Frutto di questo avvicinamento fu anche la costituzione, nel settembre 1903, del Comitato d’azione socialista economica, fondato dal gruppo «operaista» milanese (Lazzari, Suzzani, ecc.); ne erano esclusi i sindacalisti rivoluzionari di “Avanguardia socialista”, che pure ne erano in parte gli ispiratori. Essenzialmente lo scopo del comitato era di stimolare una maggior fusione tra movimento rivendicativo e istanza politica e promuovere una maggiore compenetrazione tra l’azione del sindacato e l’azione del partito.
Nel 1903 entrò a far parte, come delegato dell’Unione impiegati, del consiglio generale della Camera del Lavoro, a maggioranza riformista. Sempre nel 1903, in seguito al fallimento dello sciopero dei ferrovieri delle linee Nord di Milano, biasimò a nome del Comitato d’azione socialista economica, l’operato della Camera del Lavoro ribadendo che era necessario «ritornare ai princìpi della lotta di classe e non dei vieti opportunismi e dei piccoli miglioramenti immediati» e trascinando con sé gran parte della base operaia milanese.
Nel febbraio 1904 al congresso regionale lombardo di Brescia diede il suo appoggio alle posizioni sindacaliste rivoluzionarie di Walter Mocchi che prevalsero, e al congresso nazionale di Bologna dell’aprile dello stesso anno, criticò l’operato dei riformisti, si pronunciò contro ogni tipo di collaborazione governativa e diede il suo appoggio alla mozione Ferri.
Nel discorso tenuto all’Arena durante lo sciopero generale del settembre 1904 lanciò la parola d’ordine della continuazione dello sciopero sino alla caduta del ministero.

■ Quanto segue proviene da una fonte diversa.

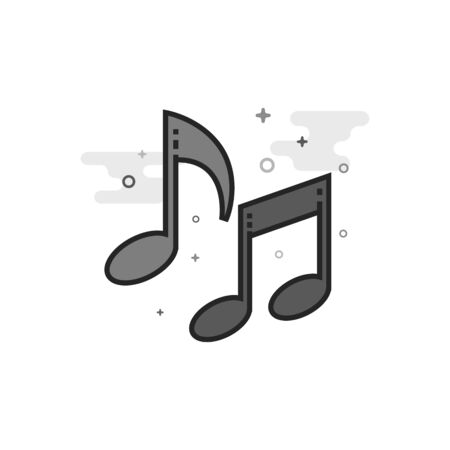 Music notes icon in flat outlined grayscale style. Vector illustration.のイラスト素材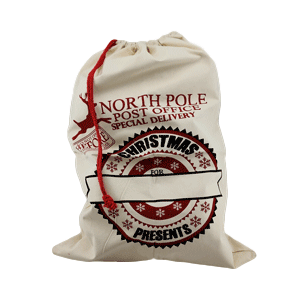 Santa Sack - Beige North Pole Christmas Presents Seal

Sempre nel 1904 si presentò candidato alle elezioni politiche nel 1. collegio di Milano, ad Affori, a Crema e a Novara senza riuscire eletto, essendo sempre presentato in collegi non “sicuri”.
Negli anni successivi continuò nell’opera d’organizzazione della base ed a tener conferenze in varie località d’Italia. In questi anni venne sempre rieletto membro della commissione esecutiva della federazione socialista milanese.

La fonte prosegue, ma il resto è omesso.